Kaldi on Kaggle, ClarinStudio PL Mono iters 30-40
This was my fault; the lexicon wasn't being created properly and it took too long to align
%cd /opt
%%capture
!tar xvf /kaggle/input/extract-prebuilt-kaldi-from-docker/kaldi.tar
%cd kaldi/egs
!git clone https://github.com/danijel3/ClarinStudioKaldi
%cd ClarinStudioKaldi
%%capture
!conda install -c bioconda perl-perlio-gzip -y
import os
os.environ['LD_LIBRARY_PATH'] = '/opt/conda/lib:/opt/kaldi/tools/openfst-1.6.7/lib:/opt/kaldi/src/lib'
!cat path.sh|sed -e 's/~\/apps/\/opt/' > tmp
!mv tmp path.sh
!echo > local_clarin/clarin_pl_clean.sh
!ln -s ../wsj/s5/steps
!ln -s ../wsj/s5/conf
!ln -s ../wsj/s5/local
!ln -s ../wsj/s5/utils
!cp -r /kaggle/input/kaldi-clarinstudio-polish-train-mono-1-30/data /kaggle/working/
!cp -r /kaggle/input/kaldi-clarinstudio-polish-train-mono-1-30/exp /kaggle/working/
!ln -s /kaggle/working/exp
!ln -s /kaggle/working/data
!find /kaggle/working/exp -name '*.log' -delete
!/opt/kaldi/src/gmmbin/gmm-info --print-args=false exp/mono0/30.mdl | grep gaussians | awk '{print $NF}'
%%writefile train_mono.sh
#!/usr/bin/env bash
# Copyright 2012 Johns Hopkins University (Author: Daniel Povey)
# 2019 Xiaohui Zhang
# Apache 2.0
# Trimmed down from WSJ train_mono.sh, to continue from 30
# Begin configuration section.
nj=4
cmd=run.pl
scale_opts="--transition-scale=1.0 --acoustic-scale=0.1 --self-loop-scale=0.1"
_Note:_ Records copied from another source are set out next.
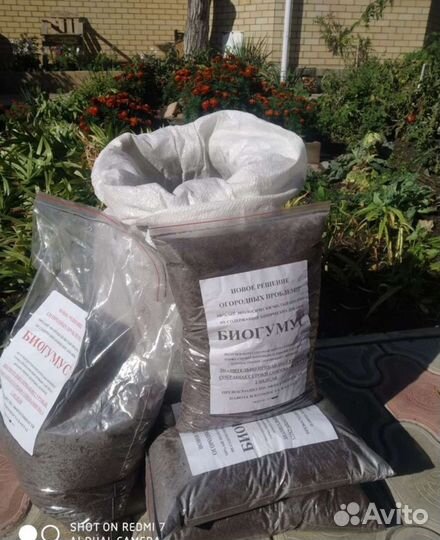 Биогумус. Удобрение для растений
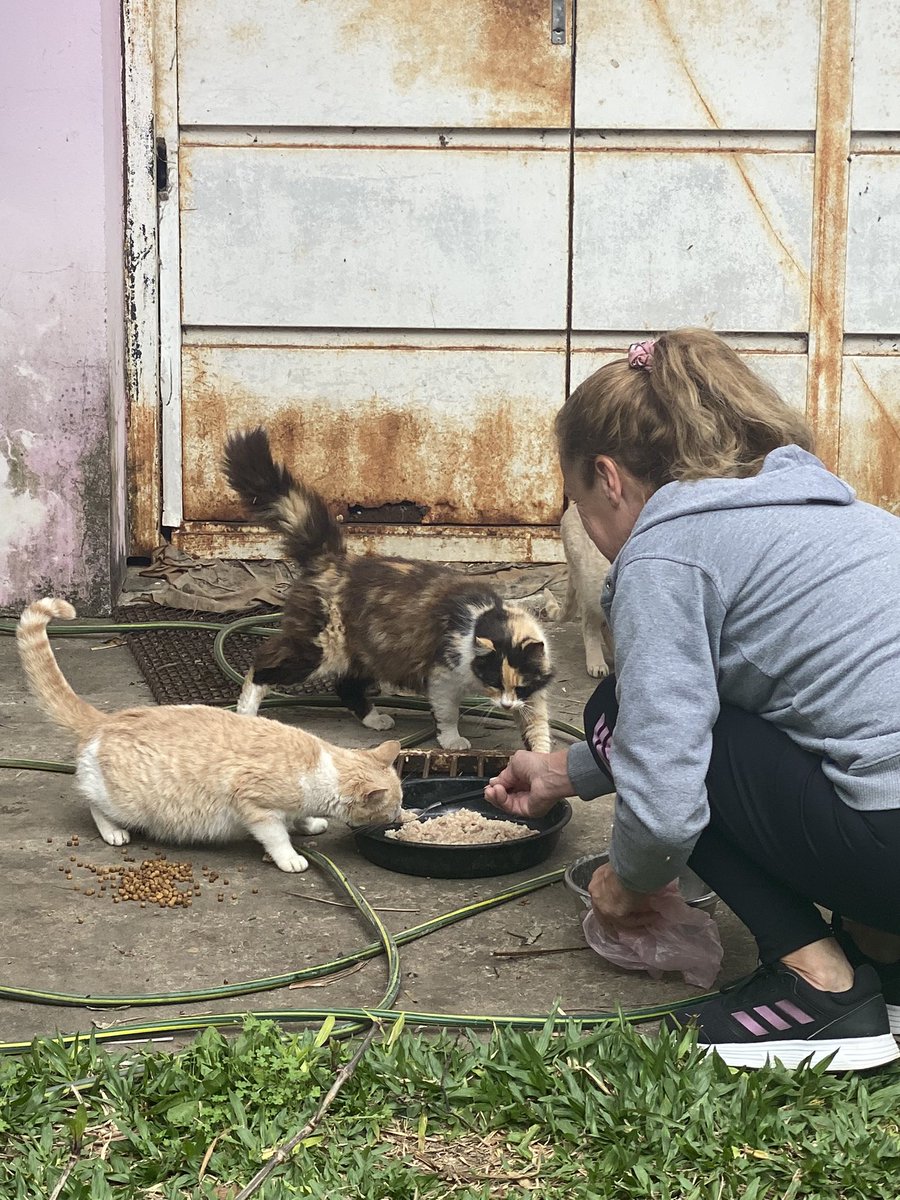 CarmeDarhanpe's tweet photo. Yo se que twitter es servicio asiii que ahí les va. Estamos dándoles de comer a una camada de 16 gatitos aprox (una embarazada y una con 4 bebés) y queremos usar este espacio para pedir a quien pueda colaborar con un poco de granitos ya que a veces se hace pesado para tantos 🖤🙏🏻 https://t.co/wdncKU4mVu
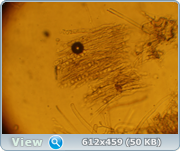 0_11e508_9d80a666_orig.png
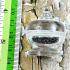 Mix Sarira Relic Holy Sacred Nature Crystal Bead Stupa Rainbow Thai Amulet 17354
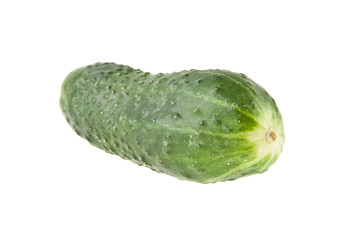 cucumber isolated on white background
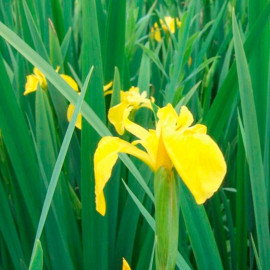 Iris Pseudacorus Plants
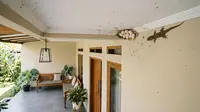 16 Cara Mencegah Cicak Bersarang di Plafon Teras Rumah, Bikin Area Tetap Bersih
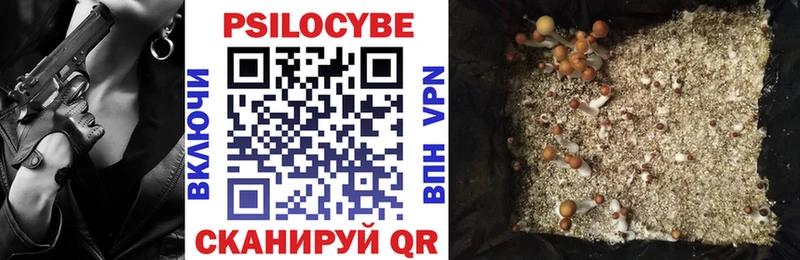 Псилоцибиновые грибы Psilocybine cubensis  Миллерово 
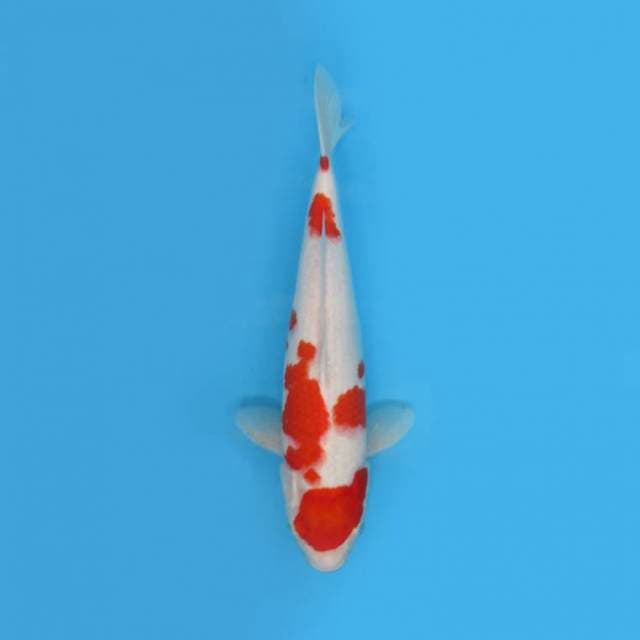 Kohaku 34 Cm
num_iters=40 # Number of iterations of training
max_iter_inc=30 # Last iter to increase #Gauss on.
regular_beam=10 # beam used after the first iteration
retry_beam=40
totgauss=1000 # Target #Gaussians.
careful=false
boost_silence=1.0 # Factor by which to boost silence likelihoods in alignment
realign_iters="1 2 3 4 5 6 7 8 9 10 12 14 16 18 20 23 26 29 32 35 38";
config= # name of config file.
stage=-4
power=0.25
# End configuration section.
echo "$0 $@" # Print the command line for logging
if [ -f path.sh ]; then . ./path.sh; fi
. parse_options.sh || exit 1;
if [ $# != 3 ]; then
echo "Usage: steps/train_mono.sh [options] <data-dir> <lang-dir> <exp-dir>"
echo " e.g.: steps/train_mono.sh data/train.1k data/lang exp/mono"
echo "main options (for others, see top of script file)"
echo " --config <config-file> # config containing options"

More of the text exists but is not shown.